Search code examples
asp.net-mvcasp.net-mvc-5botsrobots.txt

Filter on Controller to check User Agent and then redirect based on if result is true


--------- Note (Edit) - I might be doing this completely wrong, any guidance would be appreciated if this is in fact wrong (New to mvc)

In the solution a robots.txt file exists to block all crawlers from the site. The only problem with this is, is Facebooks crawler/scraper is not following the rules and are still crawling/scraping the site and causing an error to log and email every couple of minutes. The error being sent for this is "A public action method 'Customer' was not found on controller 'SolutionName.Web.Controllers.QuoteController'."

The solution for this is to create a filter on the Controllers to check the agent name. If the agent name is for facebook then redirect them to a "No Robots authentication page". The filter has to be on the controller due to the site catering for 3 different routes where each has a custom link and customers has access to the direct links which gets shared on facebook (thus creating a route for this in the route config will not work).

The problem I'm facing is that the solution is not redirecting immediate on the controller filter. It's acceding Action methods (These action methods are Partial Pages) and then fails due to not being able to redirect (the view already started rendering then - which is correct). Is there a way to redirect immediately on the first time when this filter is accessed? Or is there maybe a better solution to this?

To test and troubleshoot I am changing the user agent in code to match what is logged. The error when redirecting from the filter: "Child actions are not allowed to perform redirect actions."

The Error that is currently logged due to Facebook's crawler: " A public action method 'Customer' was not found on controller 'SolutionName.Web.Controllers.QuoteController'. "

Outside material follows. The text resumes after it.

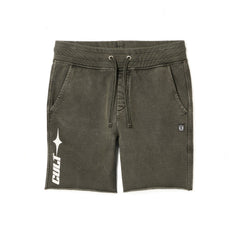 CULT OF INDIVIDUALITY French Terry Sweatshorts in Steel - Gravity NYC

User Agent from Stack Trace: enter image description here

This is what I've done:

Custom Filter:

    using System;
    using System.Collections.Generic;
    using System.Linq;
    using System.Reflection;
    using System.Web;
    using System.Web.Mvc;

    namespace SolutionName.Web.Classes
    {
        public class UserAgentActionFilterAttribute : ActionFilterAttribute
        {
            public override void OnActionExecuting(ActionExecutingContext filterContext)
            {
                try
                {
                    List<string> Crawlers = new List<string>()
                    {
                        "facebookexternalhit/1.1","facebookexternalhit/1.1 (+http://www.facebook.com/externalhit_uatext.php)","facebookexternalhit/1.1","Facebot"
                     };

                     string userAgent = HttpContext.Current.Request.UserAgent.ToLower();
                     bool iscrawler = Crawlers.Exists(x => userAgent.Contains(x));
                     if (userAgent != null && iscrawler)
                     {
                        filterContext.Result = new RedirectResult("~/Home/NoRobotsAuthentication");
                        return;
                     }
            
                    base.OnActionExecuting(filterContext);

                 }
                 catch (Exception errException)
                 {
                    LogHelper.LogException(Severity.Error, errException);
                    SessionHelper.PolicyBase = null;
                    SessionHelper.ClearQuoteSession();
                    filterContext.Result = new RedirectResult("~/Home/NoRobotsAuthentication");
                    return;
                }
            }
        }
    }

NoRobotsAuthentication.cshtml:

@{
        ViewBag.PageTitle = "Robots not authorized";
        Layout = "~/Views/Shared/_LayoutClean2.cshtml";
 }

 <div class="container body-content">
     <div class="row">
    <div class="col-lg-12 col-md-12 col-sm-12 col-xs-12 container-solid">
        <div class="form-horizontal">
            <h3>@ViewBag.NotAuthorized</h3>
        </div>
    </div>
</div>

Action Method for the No Robots:

    #region Bot Detection
    public ActionResult NoRobotsAuthentication()
    {
        ViewBag.NotAuthorized = "Robots / Scrapers not authorized!";
        return View();
    }

    #endregion

One of the Controllers that I am trying to check against:

    namespace SolutionName.Web.Controllers
    {
        [UserAgentActionFilter]
        public class QuoteController : Controller
        {

            public ActionResult Customer()
            { //Some logic }
        }
    }

Partial Page ActionResult where the error occurs when the filter is run:

    public ActionResult _Sidebar()
    {
        var model = SessionHelper.PolicyBase;
        return PartialView("_Sidebar", model);
    }

Solution

  • This is because you're using an ActionFilterAttribute. If you check the documentation here: https://learn.microsoft.com/en-us/aspnet/core/mvc/controllers/filters?view=aspnetcore-3.1 it explains the filter lifecycle and basically - by the time you arrive to action filters, it's too late. You need an authorization filter or a resource filter so you can short-circuit the request.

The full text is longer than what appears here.